President, Williams Baptist University

In my previous article, I presented the idea that our mission of a biblically-grounded, Christ-centered learning experience should include a robust understanding of work; that is, a Christian worldview should give prominence to the concept and practice of work. Our God is a working God – He is constantly working to fulfill His purposes for His glory. As beings made in His image, He created us to work, and we reflect, in part, His image in us when we work in accordance with His purposes. God created us to work. The Lord Jesus redeemed us to work. As followers of Jesus Christ, our work is witness, worship and service. As such, our mission of Christian higher education must teach our students how to work as unto the Lord.

With this commitment in mind, I want to address another rationale for the transition of Williams Baptist University to a work-college model. One of the biggest challenges facing high school graduates today is the rising costs of higher education. For many of these students, the dream of a college education is cost prohibitive. Many simply are unable to afford to go to college. And for those who do manage to secure initial funding to begin their educational pursuits, they are quickly overwhelmed by the challenge of continuing to fund their education.

These financial challenges reflect a stark reality confronting our nation – the rising cost of higher education outpaces the wages of the typical American family. According to the latest studies, the national average for cost of education at public institutions for 2019-2020 hovers around $22,000 per year (average costs for students attending out-of-state institutions is $38,000). For the same academic year, the national average for private institutions exceeds $40,000. The price tag to achieve a degree in four years is well over $100,000. Some students require an additional semester or two to complete their degree, incurring even greater expense to complete their education.

The affordability of higher education creates for many the challenge of how to pay for a college degree. The typical American family is unable to outright pay for a college education. As such, many finance their college education through student loans. In 2019, student loan debt made up the greatest amount of non-housing debt in our nation, exceeding $1.5 trillion dollars. Many of the students who fund their college education through student loans graduate with significant debt, a burden they carry for years, some even decades.

Williams Baptist University has historically provided an outstanding Christian education for less than half the cost of these national averages. We give a great education as evidenced by the incredible lives and contributions of many of our alums. As affordable as a WBU education is, however, the costs of a WBU education are still a challenge for many Arkansas students. We need to find a different way for families and students to pursue Christian higher education and fulfill God’s call upon their lives to prepare for a life of work and service. There must be a better way!

For Williams Baptist University, we believe the better way is the Williams Works program. Williams Works is a new initiative we are launching to provide a way forward for many students to achieve the dream of a college education. The Williams Works program makes a college education affordable for many and provides a potential way for students to graduate debt-free.

In one sense, this is a new initiative for WBU. We are creating and implementing new structures designed to provide jobs for students as a way for them to work and pay for their education.
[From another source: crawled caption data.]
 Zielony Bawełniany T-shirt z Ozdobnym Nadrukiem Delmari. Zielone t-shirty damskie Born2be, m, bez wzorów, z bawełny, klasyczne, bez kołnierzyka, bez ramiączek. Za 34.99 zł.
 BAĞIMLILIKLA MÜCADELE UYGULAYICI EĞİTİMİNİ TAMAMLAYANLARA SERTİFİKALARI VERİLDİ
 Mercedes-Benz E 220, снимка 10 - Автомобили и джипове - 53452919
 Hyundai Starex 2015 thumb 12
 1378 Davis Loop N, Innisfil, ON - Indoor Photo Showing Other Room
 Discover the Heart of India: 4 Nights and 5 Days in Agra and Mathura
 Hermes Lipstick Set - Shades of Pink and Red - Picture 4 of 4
This summer we launched Eagle Farms – an actual on-campus farm where students will grow, cultivate, harvest, prepare and sell produce. Our Community Partnerships program creates work alliances with local businesses where students will work in the surrounding business community.
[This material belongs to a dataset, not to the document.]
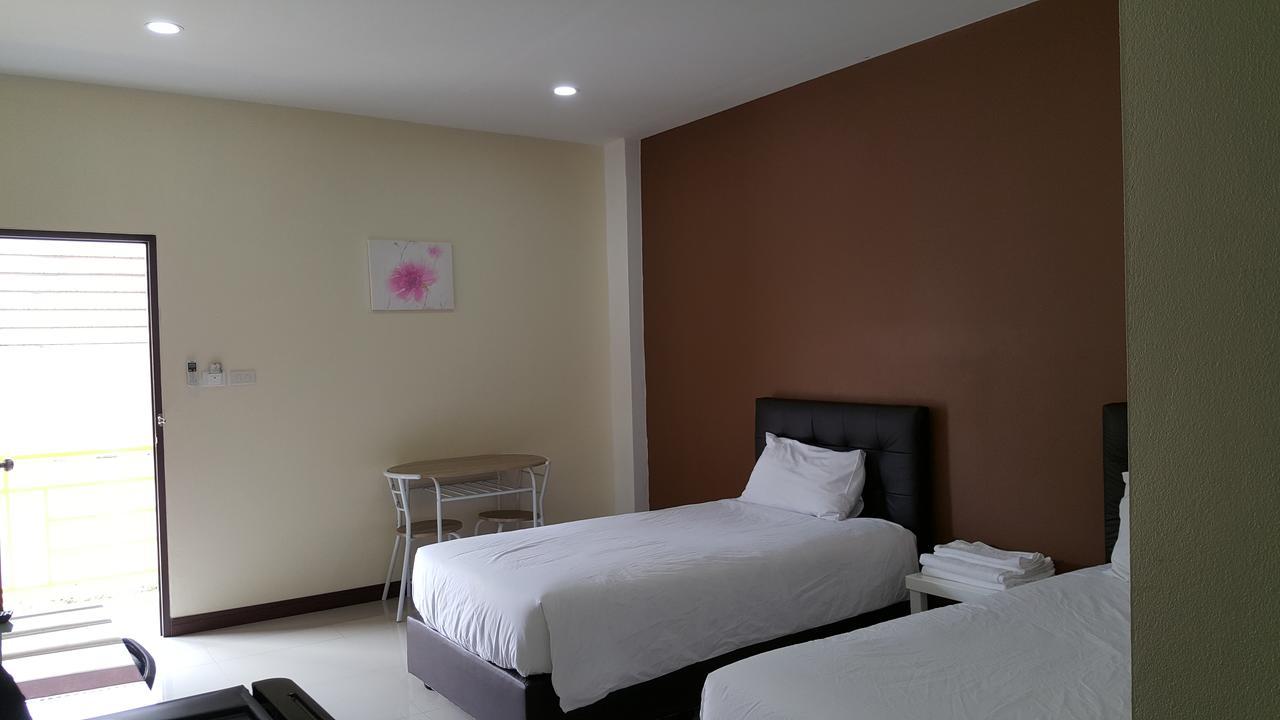 Charoensuk Grand Hotel Kabin Buri Exteriér fotografie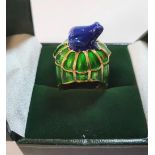 Boxed, decorative unmarked metal green & blue enamel frog ring, Size M/N 13.6 grams gross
In another sense, the Williams Works program is a return to our beginning – a return to the way many students in those early years paid for their college education. The personal and educational experiences of our founder, Dr. H. E. Williams, shaped the philosophical approach of Christian higher education when WBU (then known as Southern Baptist College) was founded. The first two-years of his college experience at Arkansas Polytechnic College influenced his understanding of the value of work and vocational education. His remaining two-years at what was then known as Ouachita Baptist College shaped his understanding of the importance of ministerial and classical/liberal arts education. Both of these values are embedded in the heart of Williams Baptist University.

The ideal of work is a vital part of the core identity of the university. Dr. Williams created initiatives at Southern Baptist College to provide opportunities for students to work as a way to pay for their education. Dr. Williams purchased a printing press to do commercial printing as well as service the school’s print needs. He established a woodworking shop to produce chairs, pulpit furniture, and pews for commercial sale. He purchased and ran radio stations, with outlets in Walnut Ridge and Milan, TN. The school owned and operated a rice and soybean farm on 400 acres. For a while, SBC operated an auto mechanics repair shop. Vocational programs provided opportunities for students to learn a trade and practice that trade in commercial enterprises on behalf of the school (ex., HVAC program).

I have a heart for the student who wants to pursue an outstanding Christ-centered education at WBU but may be unable due to his or her financial realities. I recently met a student who visited our campus and expressed interest in being a Williams Works student. Her personal story is one of great trial and challenge. Both of her parents are deceased – her older brother is raising her. She wants to pursue a college degree at a Christian university. This is her opportunity, maybe her only opportunity, to pursue this dream. Williams Works is a viable way for her to prepare for a life of work and service to God – to work her way through school and graduate debt-free. I have a heart for students like her and countless others who need an affordable way to get a college education at a Christ-centered university.

We are prayerfully hopeful about this initiative and its value for our mission. We are implementing initiatives to provide work scholarships through university-sponsored work programs. We want to support and expand the mission of WBU to as many students as possible by providing an affordable education that offers the possibility of graduating debt-free. We believe that the Williams Works program provides a way to advance our worthy mission of Christ-centered education.

Please pray for us as we seek the wisdom and enablement of our Lord to pursue His purposes for Williams Baptist University, a Campus of Christian Purpose.